(TRY IT) Below is a listing; repeat exactly the lines from the one containing "The Artiora Pink" to the one containing "Barack Obama holding medal", both included.

┌─ DATA SHOWN

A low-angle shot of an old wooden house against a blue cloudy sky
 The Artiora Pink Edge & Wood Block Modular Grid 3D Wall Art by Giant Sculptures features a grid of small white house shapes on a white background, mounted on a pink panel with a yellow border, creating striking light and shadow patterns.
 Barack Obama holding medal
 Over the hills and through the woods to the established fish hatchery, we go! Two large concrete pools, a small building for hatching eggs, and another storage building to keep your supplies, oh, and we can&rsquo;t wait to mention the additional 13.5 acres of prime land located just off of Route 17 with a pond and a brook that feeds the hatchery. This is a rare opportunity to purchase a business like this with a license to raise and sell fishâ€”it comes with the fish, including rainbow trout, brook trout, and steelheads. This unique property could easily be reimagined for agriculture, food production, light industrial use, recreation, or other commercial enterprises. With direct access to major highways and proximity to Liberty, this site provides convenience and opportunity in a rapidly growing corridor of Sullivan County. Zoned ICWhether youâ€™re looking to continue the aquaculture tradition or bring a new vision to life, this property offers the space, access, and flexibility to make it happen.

└─

(ANSWER SPACE)
 The Artiora Pink Edge & Wood Block Modular Grid 3D Wall Art by Giant Sculptures features a grid of small white house shapes on a white background, mounted on a pink panel with a yellow border, creating striking light and shadow patterns.
 Barack Obama holding medal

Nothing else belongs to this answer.